(Collected data)

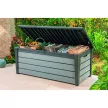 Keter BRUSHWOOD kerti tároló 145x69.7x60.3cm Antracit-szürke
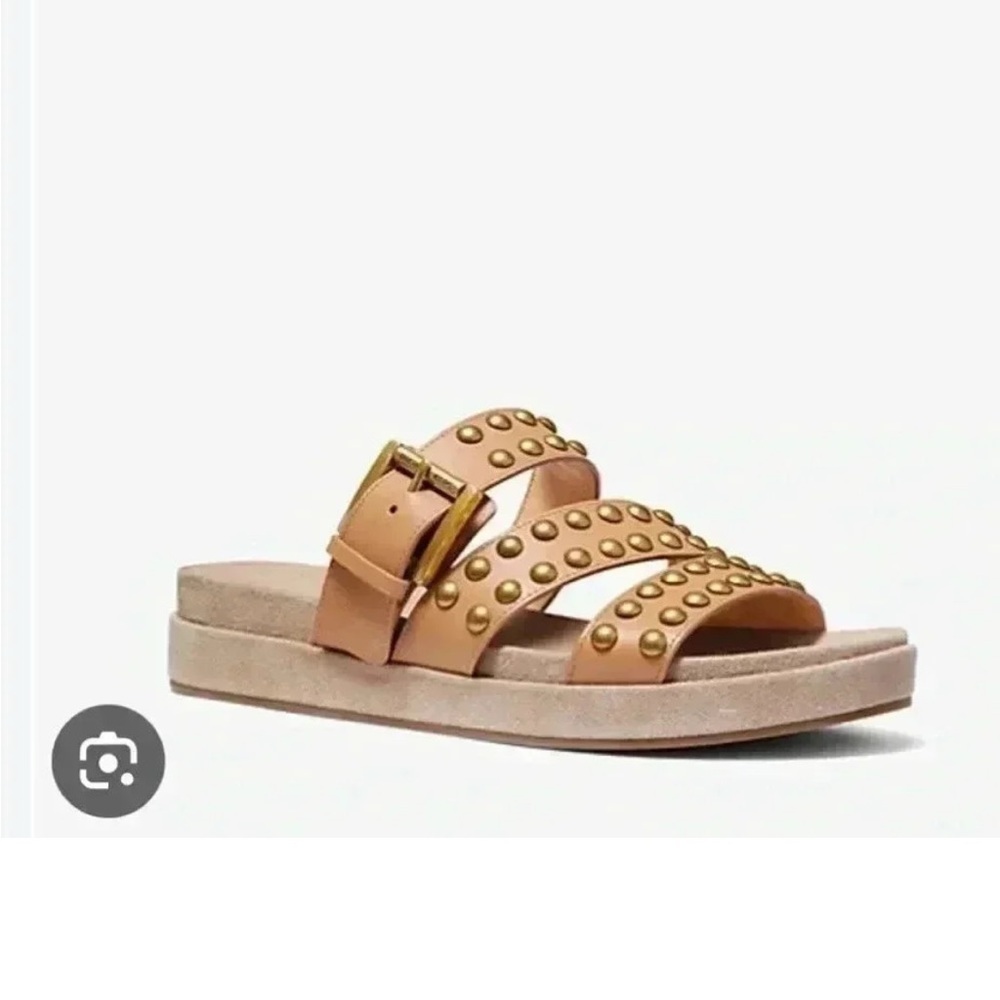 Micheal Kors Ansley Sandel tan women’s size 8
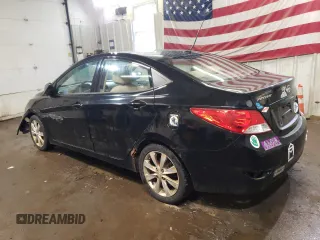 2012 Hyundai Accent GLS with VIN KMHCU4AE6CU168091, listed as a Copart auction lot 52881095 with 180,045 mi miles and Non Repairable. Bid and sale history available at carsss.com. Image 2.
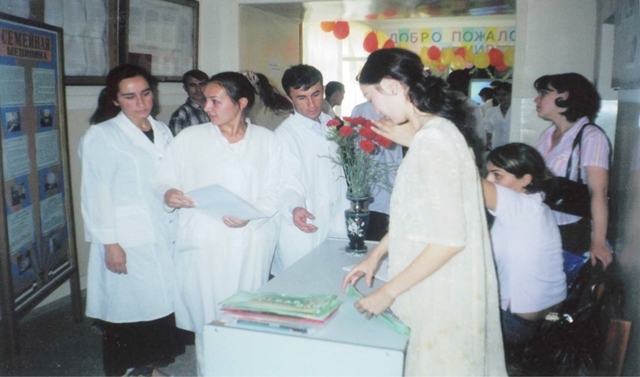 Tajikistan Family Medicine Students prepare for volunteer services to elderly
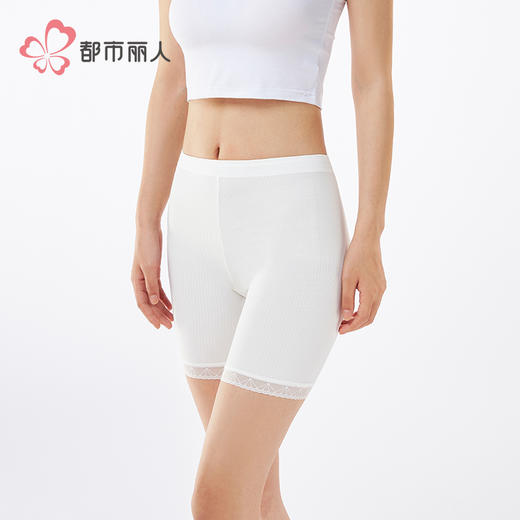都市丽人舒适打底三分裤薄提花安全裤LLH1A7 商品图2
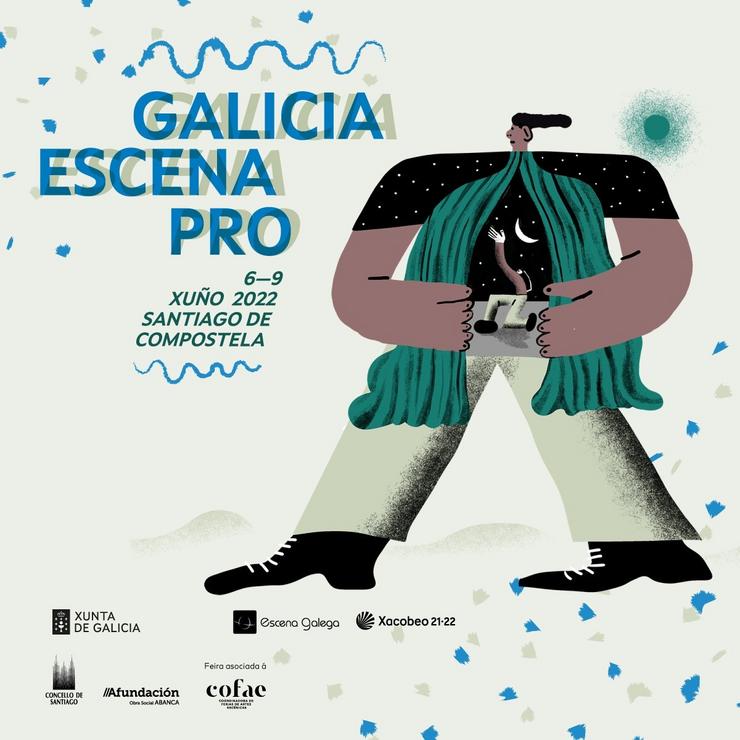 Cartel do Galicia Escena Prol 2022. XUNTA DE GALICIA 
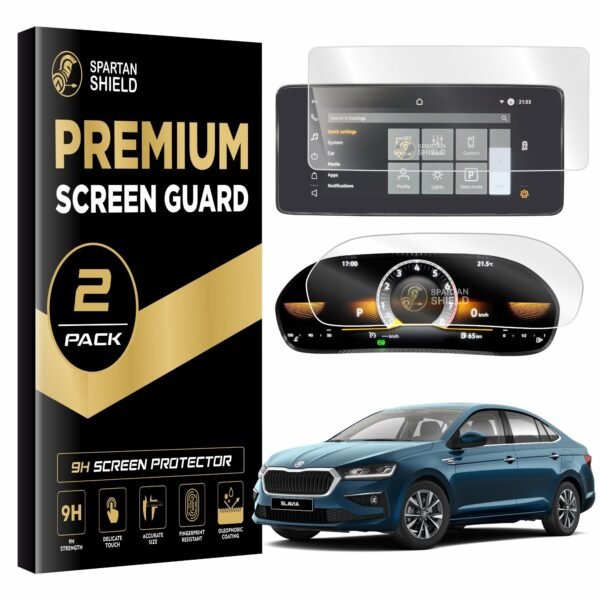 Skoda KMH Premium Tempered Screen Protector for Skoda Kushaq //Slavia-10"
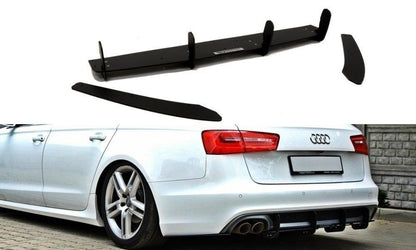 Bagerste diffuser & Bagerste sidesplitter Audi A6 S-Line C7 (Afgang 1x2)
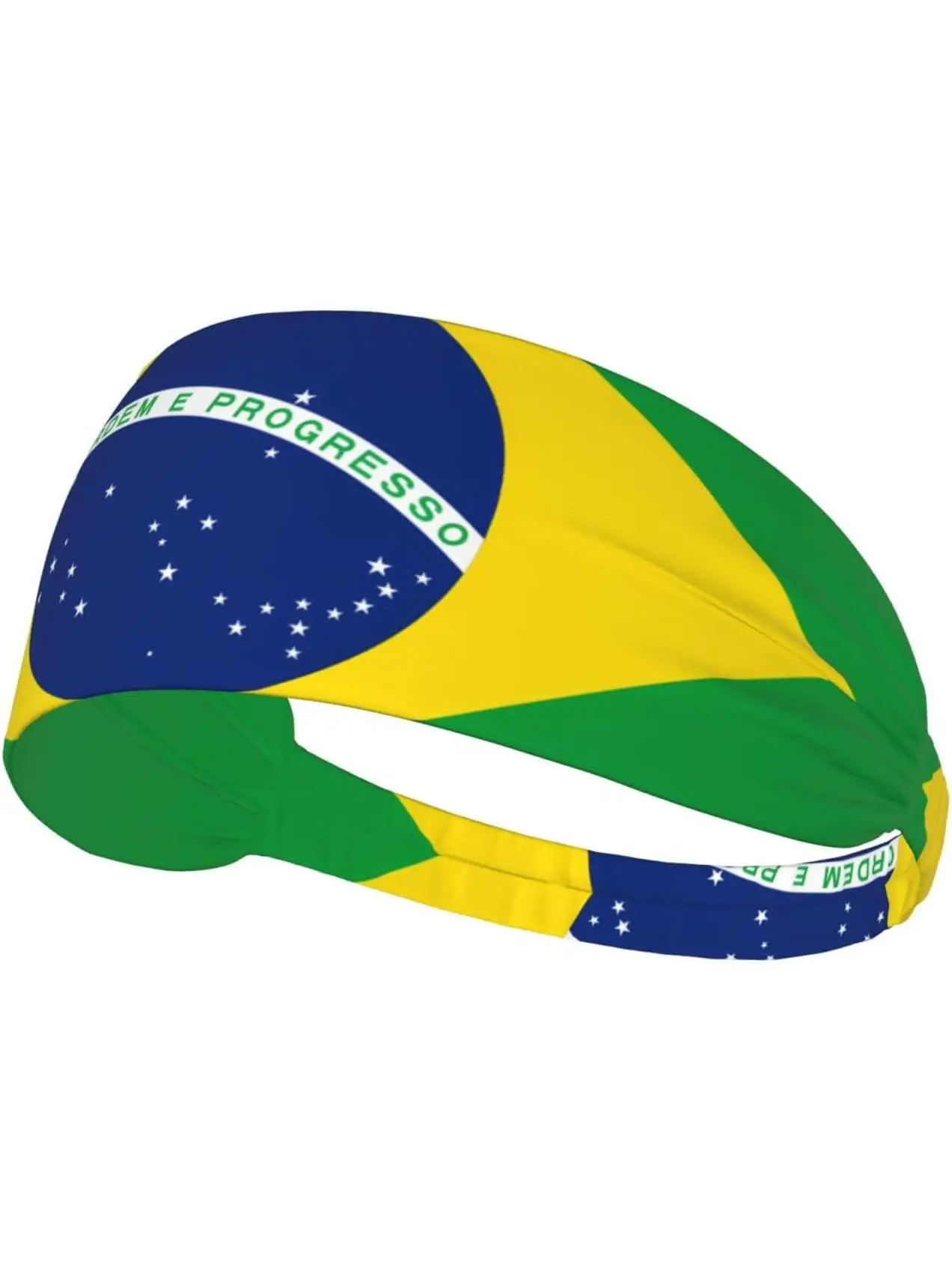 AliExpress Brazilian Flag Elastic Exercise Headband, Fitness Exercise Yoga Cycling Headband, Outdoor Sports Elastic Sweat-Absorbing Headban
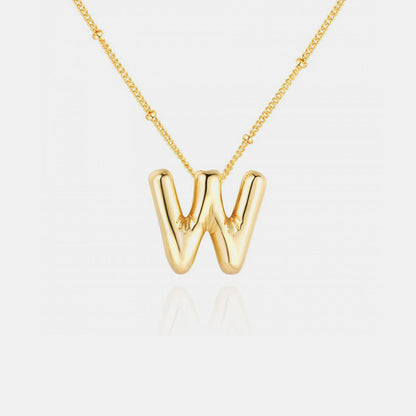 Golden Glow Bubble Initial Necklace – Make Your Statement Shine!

What is required
Reproduce all the data as it stands. The pictures are not part of the copy.

Answer for this exercise
 Keter BRUSHWOOD kerti tároló 145x69.7x60.3cm Antracit-szürke
 Micheal Kors Ansley Sandel tan women’s size 8
 2012 Hyundai Accent GLS with VIN KMHCU4AE6CU168091, listed as a Copart auction lot 52881095 with 180,045 mi miles and Non Repairable. Bid and sale history available at carsss.com. Image 2.
 Tajikistan Family Medicine Students prepare for volunteer services to elderly
都市丽人舒适打底三分裤薄提花安全裤LLH1A7 商品图2
 Cartel do Galicia Escena Prol 2022. XUNTA DE GALICIA 
 Skoda KMH Premium Tempered Screen Protector for Skoda Kushaq //Slavia-10"
 Bagerste diffuser & Bagerste sidesplitter Audi A6 S-Line C7 (Afgang 1x2)
 AliExpress Brazilian Flag Elastic Exercise Headband, Fitness Exercise Yoga Cycling Headband, Outdoor Sports Elastic Sweat-Absorbing Headban
 Golden Glow Bubble Initial Necklace – Make Your Statement Shine!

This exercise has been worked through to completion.